Basant Chaudhary is luckier. He was recruited as a child soldier by the Maoists during their 10-year armed insurrection. Now 21 and discharged from the People’s Liberation Army (PLA) four years ago, he has been able to carve out a future, thanks to a mobile telephone repair training by the UN.
Together with Budha, another discharged former child soldier, he runs a mobile phone repair shop in Surkhet, a district in western Nepal that was among the hardest-hit during the Maoist People’s War.
On Sunday, as the top leaders of the party celebrated the 15th anniversary of the war – that catapulted them to power in 2008 – with a tea party in the capital and lighting of lamps in a dozen strategic places in Kathmandu, excluded from the celebrations are 4,008 people, most of them recruited as child soldiers in contravention of international norms and deserted without a thought after the signing of a peace accord.
Forgotten by the party and the state, the discharged fighters are now battling social stigma, fear, unemployment, health problems and mental trauma after returning home empty-handed.
It’s western governments like Norway and the UK that came forward to create a $9 million Peace Fund For Nepal that is being used by the UN and its partners like Unicef and other agencies like the International Labour Organisation to help the discharged fighters either return to school or train in income-generating skills, that range from driving to nursing.
Each ex-combatant opting for training is paid NRs.3,000 monthly out of the fund and given three meals daily while the women, many of whom have children and are not accepted by their families, get NRs.4,000.
‘It is heart-wrenching,’ says Robert Piper, chief of the UN Development Programme in Nepal.
‘Many couples were broken up after the discharge of the 4,008. There are still over 19,000 verified PLA combatants and in many cases, either the husband or the wife is still in the cantonments.’
While the over 19,000 PLA fighters still retain the hope of being inducted into the army, as had been promised by the Maoist leadership, the 4,008, discharged because they were either recruited as children or taken after the war ended, had their dream shattered.
‘Our greatest enemy is uncontrolled expectations,’ says a sombre Piper. ‘They expected a permanent position in the army and everything else is a compromise. The Maoist leadership planted these expectations; it has to lower them.’

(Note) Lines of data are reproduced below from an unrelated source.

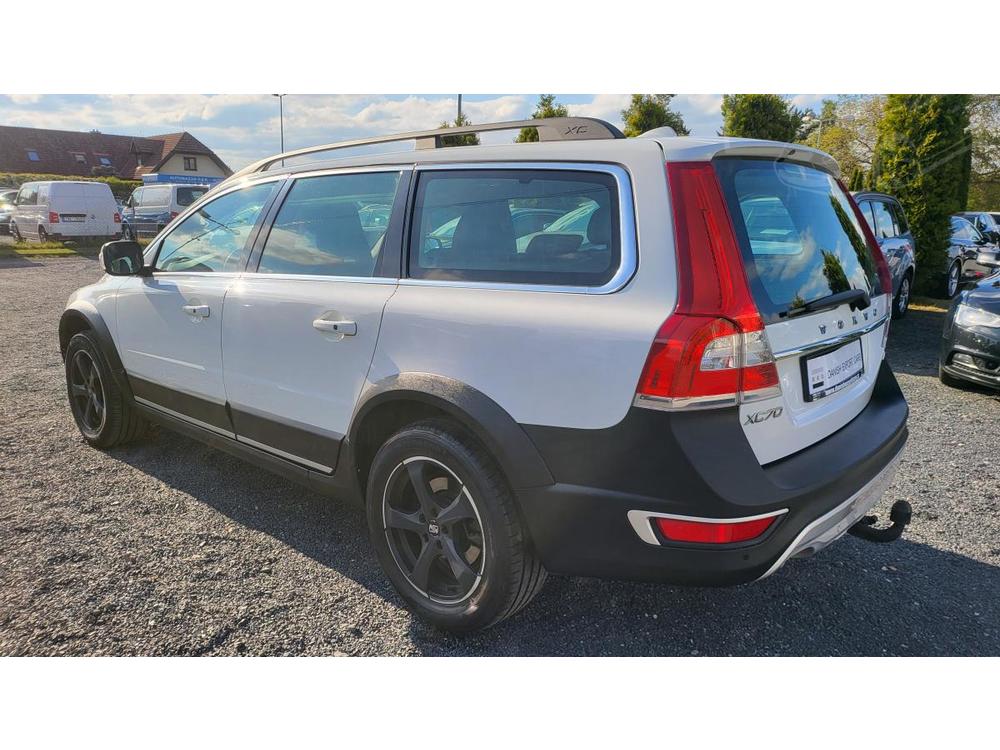 Volvo XC70 D4 2.0 133kW, SERVISN KN͎KA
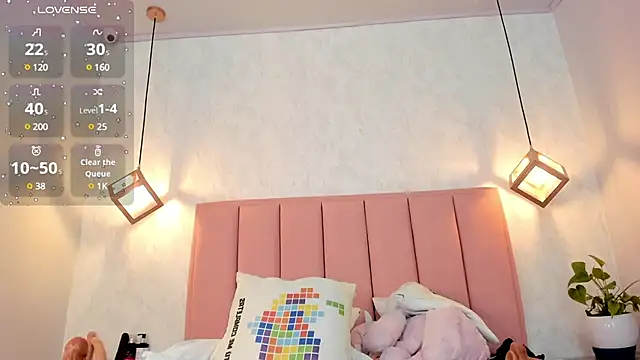 Snapshot of SUNNYCYRUS chatting on 01-15-25, 10:57 SUNNYCYRUS online show from 01-15-25, 10:57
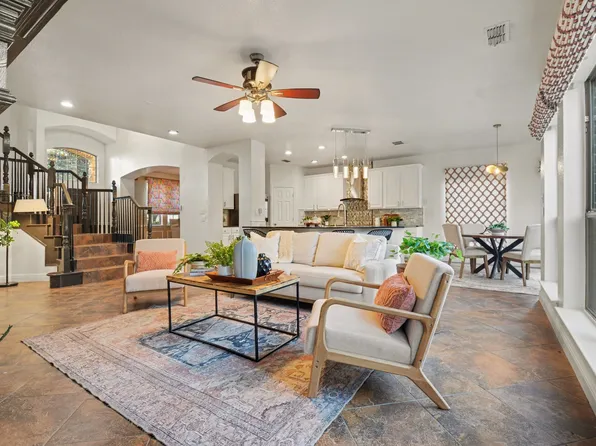 341 Greenfield Dr, Murphy, TX 75094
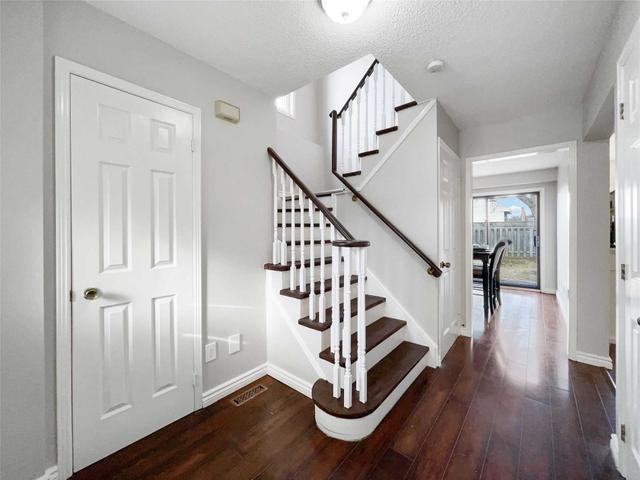 1304 Charter Cres Cres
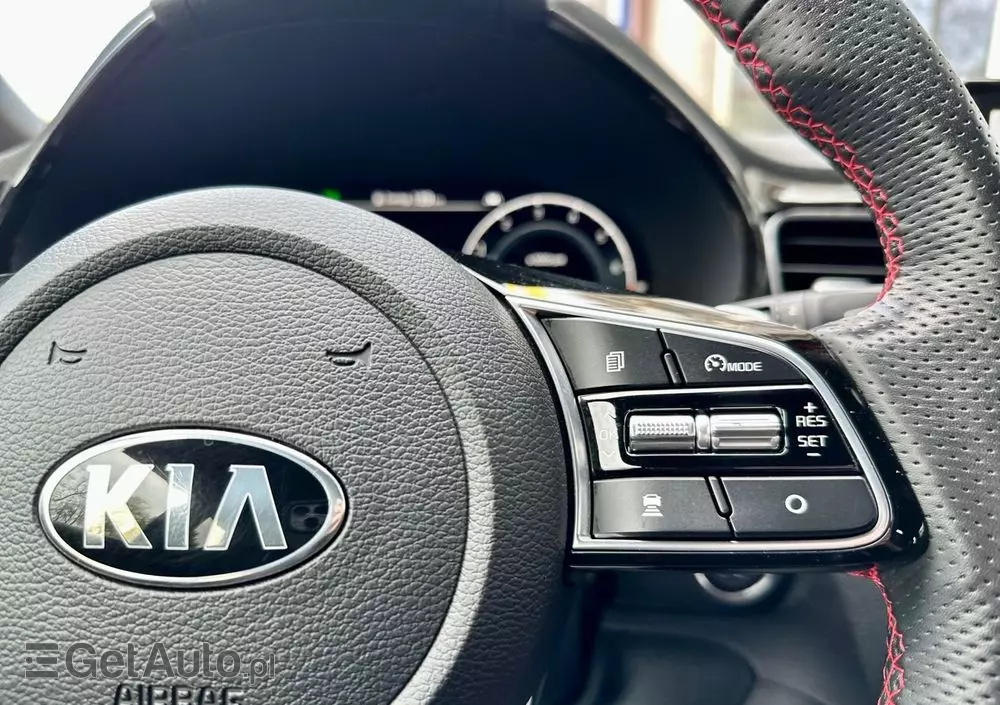 KIA ProCeed 1.6 T-GDI GT DCT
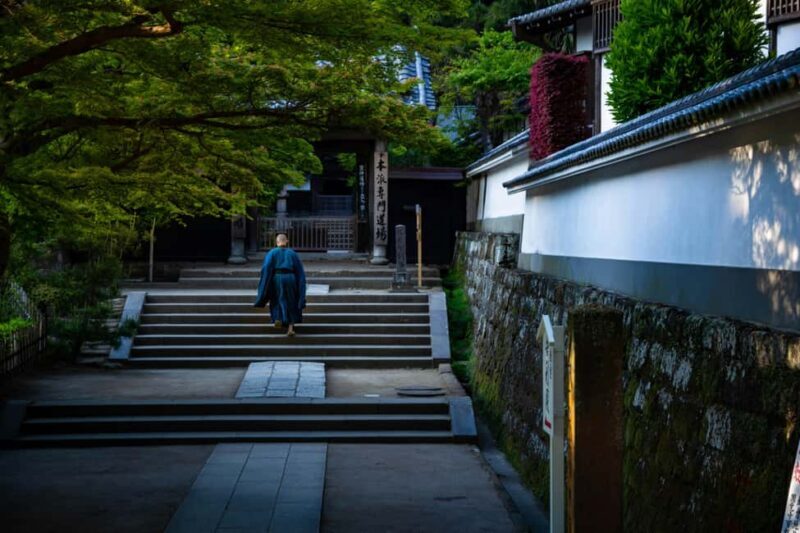 Kamakura: A Journey Through Medieval Japan - Scenic Beaches and Enoshima Island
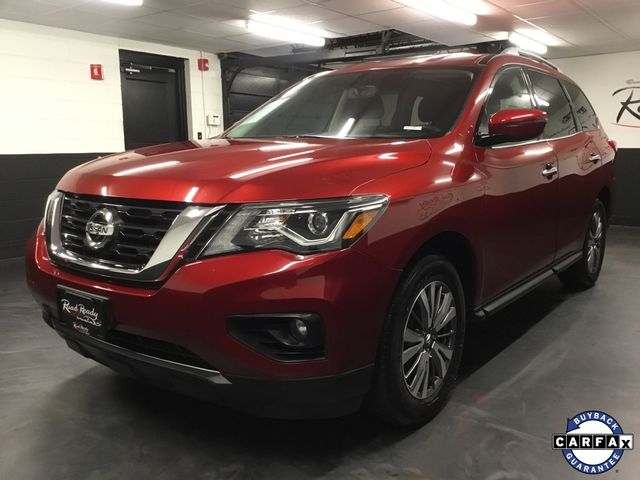 2018 Nissan Pathfinder SV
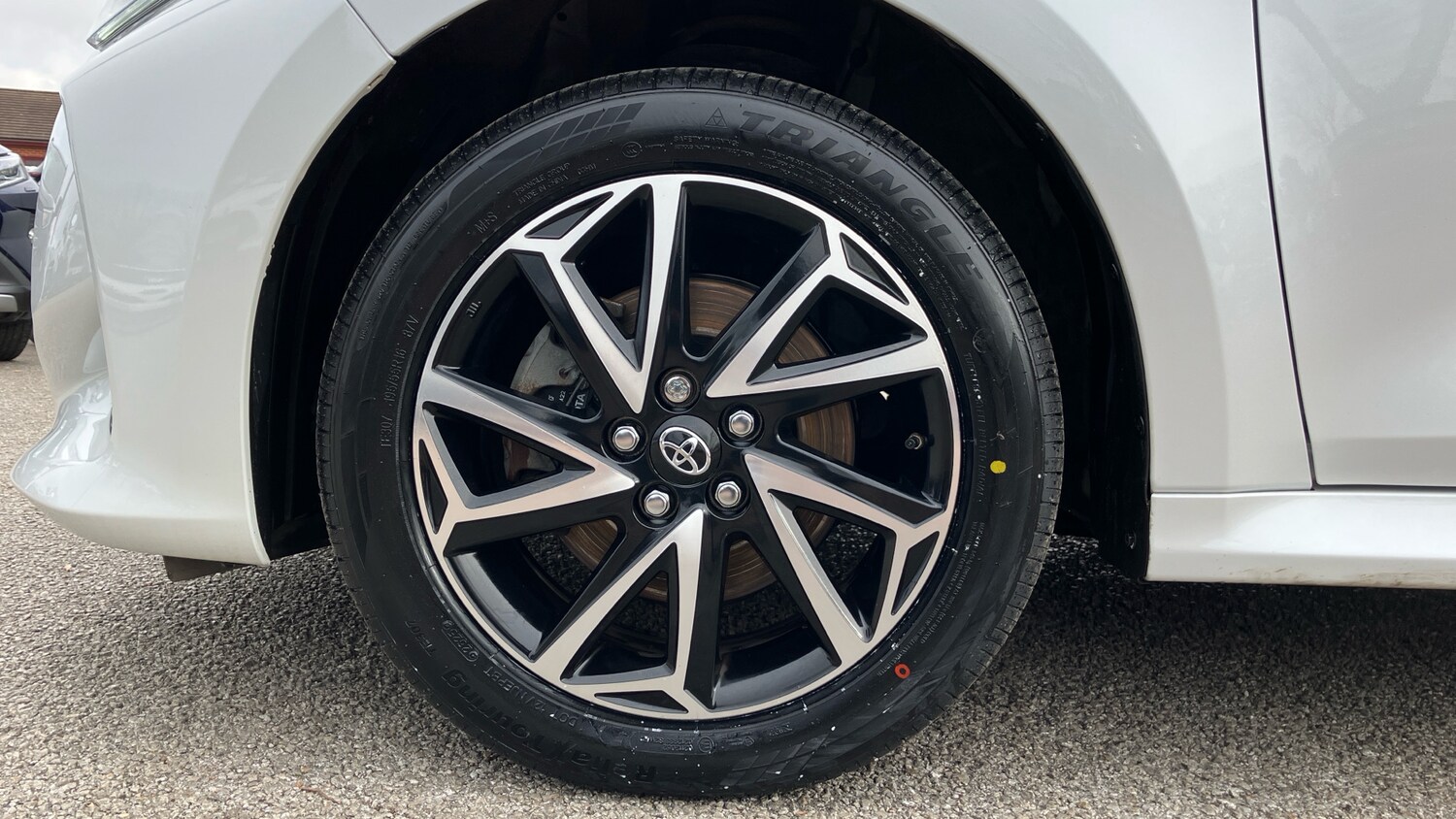 Used Toyota Yaris 2023 for sale - 76452628: Photo 18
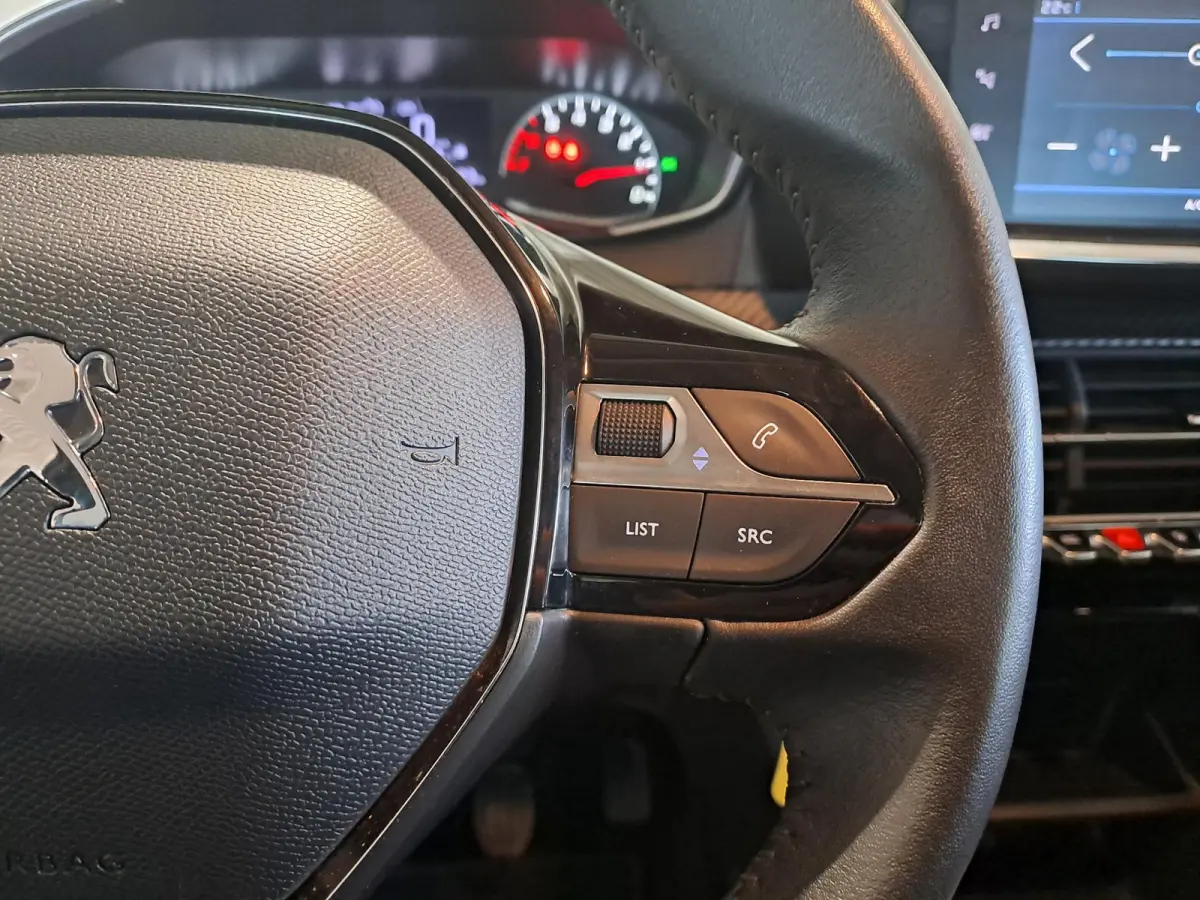 1.2 PureTech Active | Airco |  Apple Carplay/Android Auto | Navigatie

Last week a disgruntled dischargee, demanding a bigger allowance, vandalised the UN office in remote Dhangadi district in far western Nepal, underlining the dangers of the empty promises.
Of the 4,008, only 578 completed training and 763 are currently either in training or studying. But the bulk is still indecisive and the UN is concerned that with the last date for enrolling ending March 22, those who do not avail of it will face an even bleaker future.
A major obstacle is the lack of interest shown by Nepal’s weak governments that focussed on staying in power and the Maoists who remain absorbed in coming to power after the fall of their government in 2009.
‘The rehabilitation programme started without national ownership,’ regrets Desmond J. Molloy, senior rehabilitation advisor at UN. ‘But it is not a UN programme. It is a Nepali process and must be owned by the government, Maoists and communities.’